C’est pourquoi au-delà de la pulsion impérieuse, il s’élabore presque spontanément une opinion, un jugement à la fois sur un individu et sur une situation donnés mais aussi sur le propos « médisant » lui-même : sa construction, son utilité, sa pertinence, son effet. Il y a donc bien un jugement à tous les niveaux. Il se peut que le jugement soit à l’origine de la médisance et que la pulsion ensuite se greffe sur elle et l’accompagne ou bien qu’à l’inverse nos passions utilisent le jugement pour s’assouvir et se développer à partir du champ intime du soi vers le champ social. Il se peut aussi que le jugement se combine de façon instantanée à la pulsion. Mais à propos du jugement, Ostad Elahi souligne :

Juger autrui est extrêmement difficile ; comment peut-on émettre un quelconque jugement sur autrui puisque nous sommes incapables de porter sur nous-mêmes un jugement objectif ? Tout ce que l’on peut penser relève de nos suppositions étroites et limitées.

Et c’est en vertu de cette incapacité à la connaissance objective de soi et surtout d’autrui que l’auteur conclut :

D’une manière générale nous n’avons pas le droit de juger autrui.

À l’image d’un médecin qui doit être officiellement habilité pour avoir le droit d’exercer son métier et d’établir un diagnostic, le droit de juger est lié ici, de la même façon, à une capacité, une compétence, une qualification, voire une connaissance sans lesquelles l’homme est inapte au jugement ; aussi son opinion est-elle bien souvent tronquée, car impossible à relier à une réalité vraie, une réalité par définition inaccessible.

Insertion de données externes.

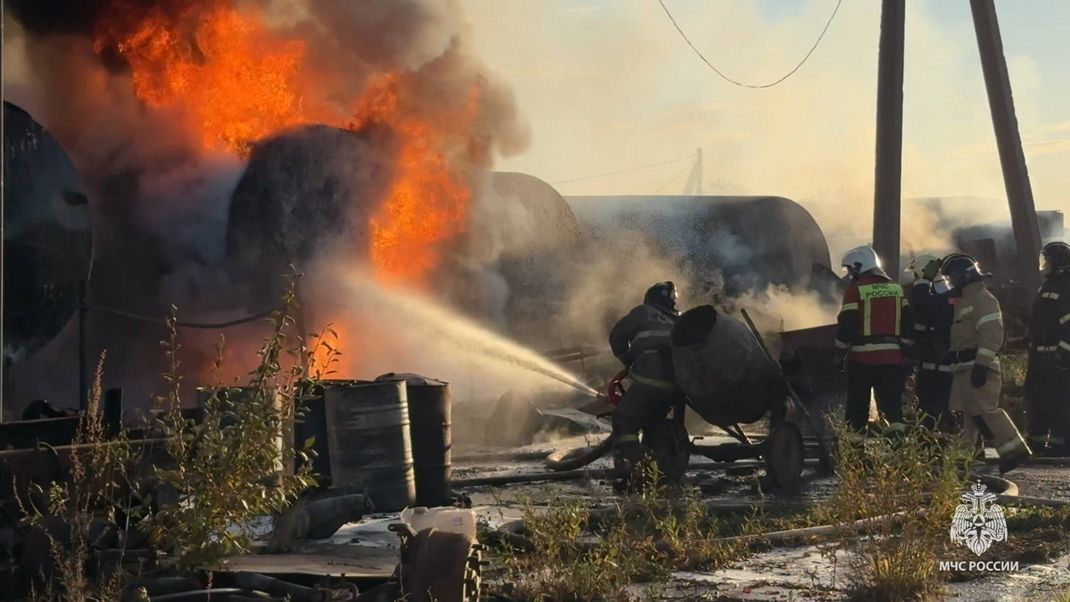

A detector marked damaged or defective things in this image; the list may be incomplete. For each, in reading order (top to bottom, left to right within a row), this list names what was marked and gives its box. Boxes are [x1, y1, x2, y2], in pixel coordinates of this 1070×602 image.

charred tank [2, 102, 90, 367]
rusty barrel [667, 305, 787, 427]
rusty barrel [321, 380, 413, 508]
rusty barrel [376, 374, 451, 506]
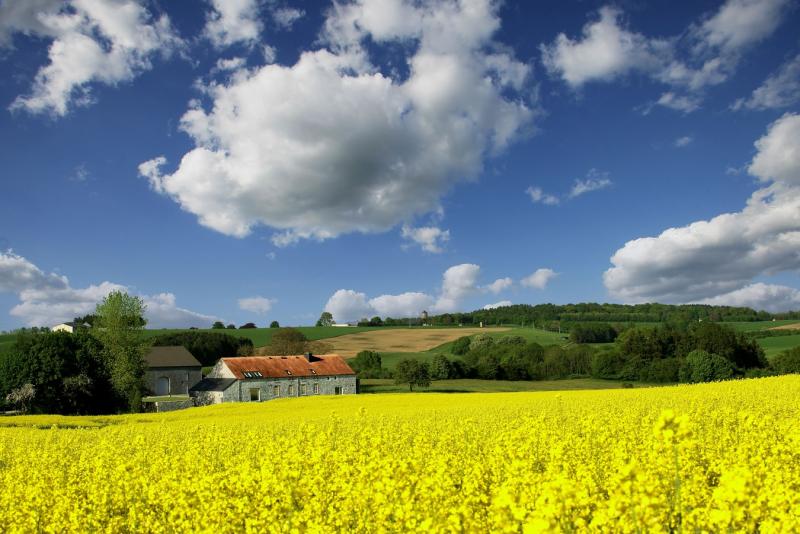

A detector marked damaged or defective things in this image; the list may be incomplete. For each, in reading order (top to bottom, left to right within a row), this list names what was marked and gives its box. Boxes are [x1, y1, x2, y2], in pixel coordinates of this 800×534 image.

rusty metal roof [220, 356, 354, 382]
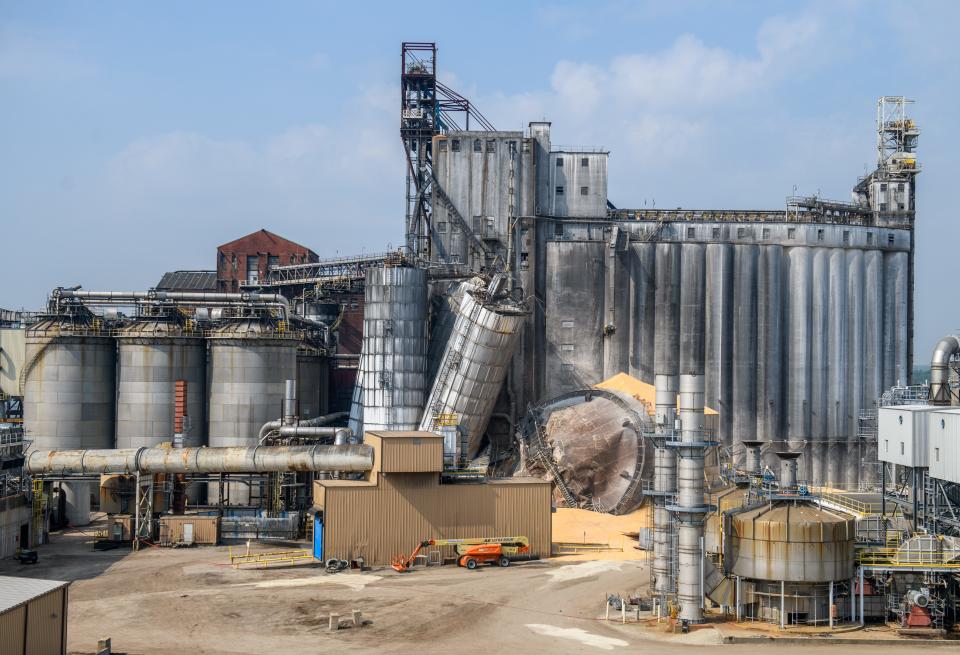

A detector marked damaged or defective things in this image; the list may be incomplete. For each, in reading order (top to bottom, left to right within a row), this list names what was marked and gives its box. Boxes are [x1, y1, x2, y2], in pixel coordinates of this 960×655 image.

rusted tank [728, 504, 856, 580]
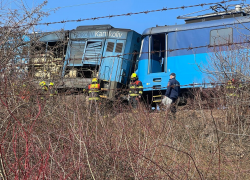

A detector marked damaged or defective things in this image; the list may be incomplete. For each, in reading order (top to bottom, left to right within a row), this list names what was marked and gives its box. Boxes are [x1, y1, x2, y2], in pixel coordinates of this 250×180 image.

damaged train car [27, 24, 141, 99]
wrecked railway carriage [28, 24, 142, 99]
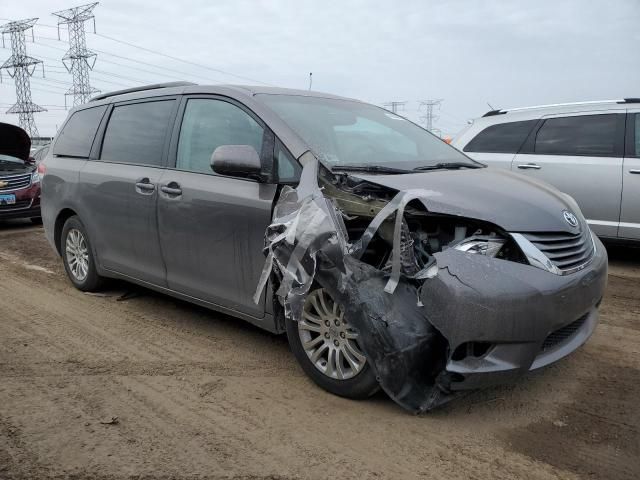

Conséquences et effets de la médisance

La médisance a des conséquences, et ce, sur au moins deux plans.

Les conséquences sur le soi

Nous avons vu le rôle de l’éthique dans le processus du perfectionnement et nous avons évoqué également les effets du soi impérieux. La pratique éthique équivaut, en réalité, à une véritable médecine de l’âme dont le rôle est de maintenir en permanence la santé du soi ; elle permet de contenir, de prévenir et de guérir les effets toxiques du soi impérieux au sein de la part céleste de l’homme. De ce fait, tout acte ou intention contraire à l’éthique, ici l’intention de médire, la pulsion, la passion ou le dessein nuisible qui en est la source et l’acte de médisance lui-même, libèrent au sein de cet organisme qui est le soi des « toxines », qui ont pour effet de le ternir, de l’affaiblir au point de le rendre malade si l’acte se répète, et ce, par le biais du cercle, cette fois vicieux, de l’habitus. Par exemple : une médisance a au moins deux effets immédiats qui sont d’amplifier les passions qui en sont à l’origine mais aussi, par un effet de réaction et d’enchaînement, de faciliter la production et la structuration de la médisance, bref, de lui ouvrir la voie. La répétition contribue alors à ancrer peu à peu le réflexe jusqu’à le cristalliser, le fixer sur la substance de l’être dont elle modifie la qualité. Si la conscience blâmante, éveillée dans un premier temps, parvient encore à se manifester, elle est toutefois progressivement étouffée, paralysée, jusqu’à ne plus pouvoir se faire entendre. Pourtant les effets nocifs de la médisance affectent inévitablement le soi, car la norme éthique, quant à elle, agit comme une loi biologique dont les effets sont mécaniques. Tout comme le respect d’une hygiène corporelle ou d’une prescription médicale permet de sauvegarder la santé du corps, l’âme, ou le soi, possède aussi ses propres règles d’hygiène et ses propres prescriptions médicales, à savoir l’éthique. Aussi, la réaction, pour ne pas dire la sanction, est-elle automatique et intégrée dans le dispositif du soi lui-même, elle n’est pas infligée par une autorité extérieure, dans une relation de domination et de jugement. Comme nous le verrons plus loin, on peut tenter d’ailleurs un rapprochement avec Platon sur l’idée que cet effet ou cette peine, est elle aussi une médecine pour l’âme au sens qu’elle a également un effet thérapeutique sur le soi. Mais nous n’irons pas plus loin ici.

Ce que l’on peut ajouter à propos de la métaphore corps-esprit et le motif traditionnel de la médecine de l’âme, c’est que notre auteur se situe dans la lignée des philosophes médiévaux dont Avicenne, Râzi (Rhazès) ou Maïmonide. Toutefois Ostad Elahi étant un contemporain, sa connaissance de la médecine et l’utilisation de celle-ci dans son argumentation philosophique repose sur une idée précise des lois de la science moderne.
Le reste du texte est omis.